DATASET CONTENT:

# # # # # # #

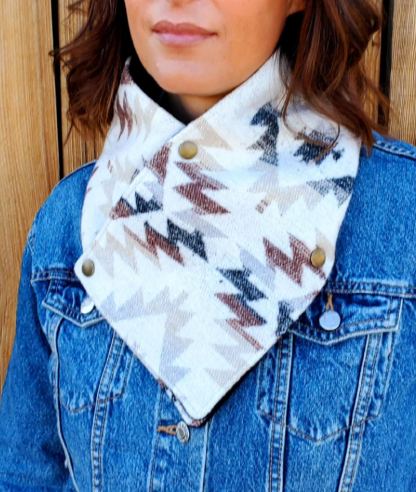 Women's Western Cowl - White Aztec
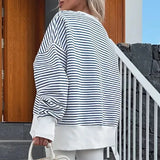 Rory Stripe Spliced Loose Sweatshirt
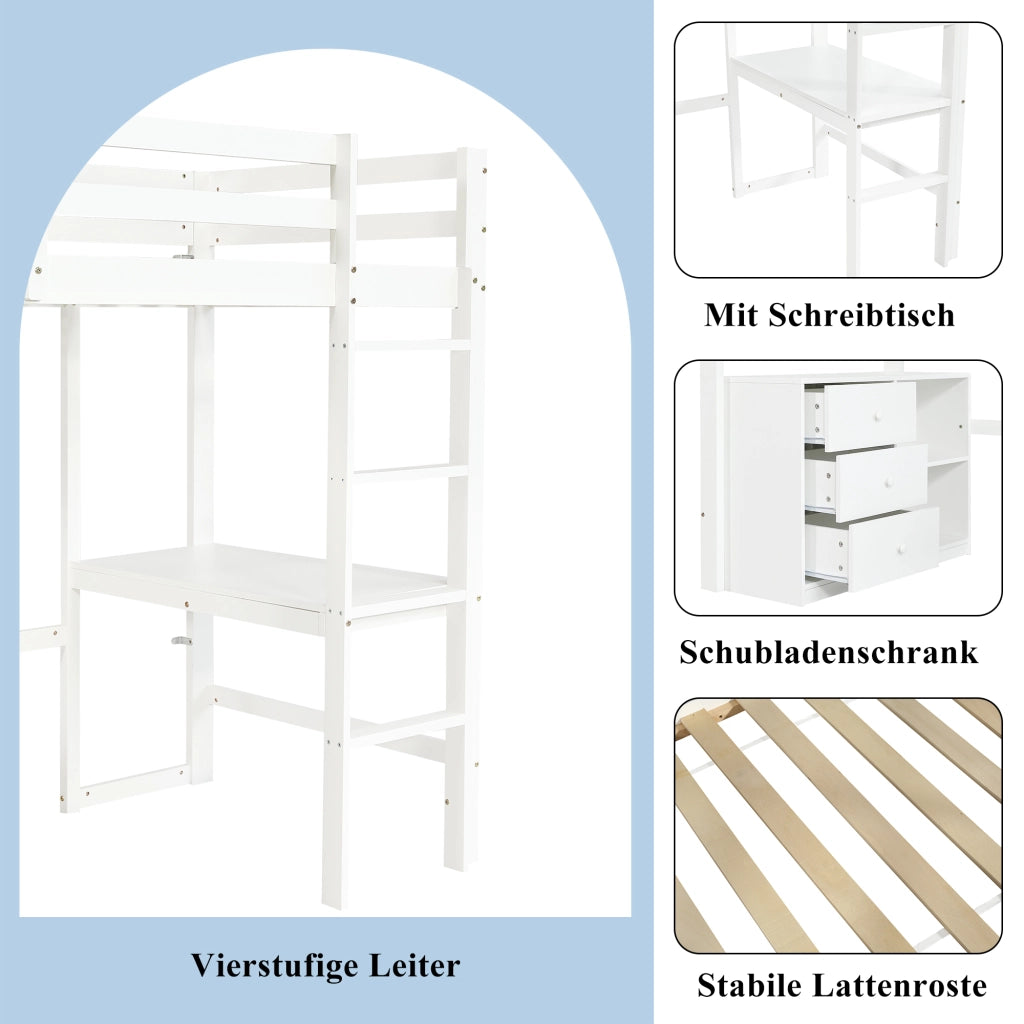Letto a soppalco per bambini 90 × 200 cm con scrivania cassetti scaffale rete a doghe in legno bianco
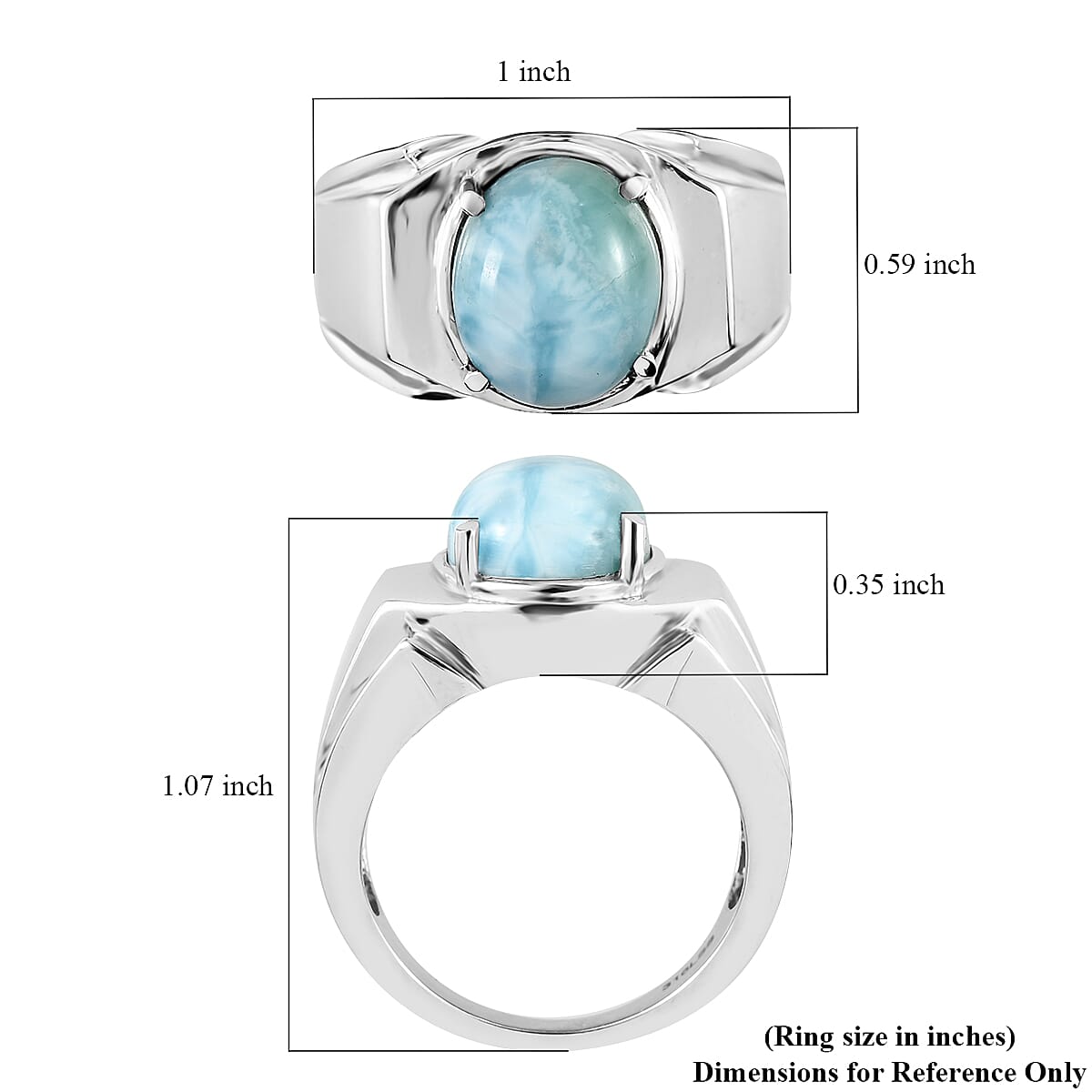 Larimar Men's Ring in Stainless Steel (Size 10.0) 5.75 ctw image number 5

# # # # # # #

EXERCISE PROMPT:
Output each line exactly as shown above; no pictures go in the copy.

ANSWER TO THE PROBLEM:
 Women's Western Cowl - White Aztec
 Rory Stripe Spliced Loose Sweatshirt
Letto a soppalco per bambini 90 × 200 cm con scrivania cassetti scaffale rete a doghe in legno bianco
 Larimar Men's Ring in Stainless Steel (Size 10.0) 5.75 ctw image number 5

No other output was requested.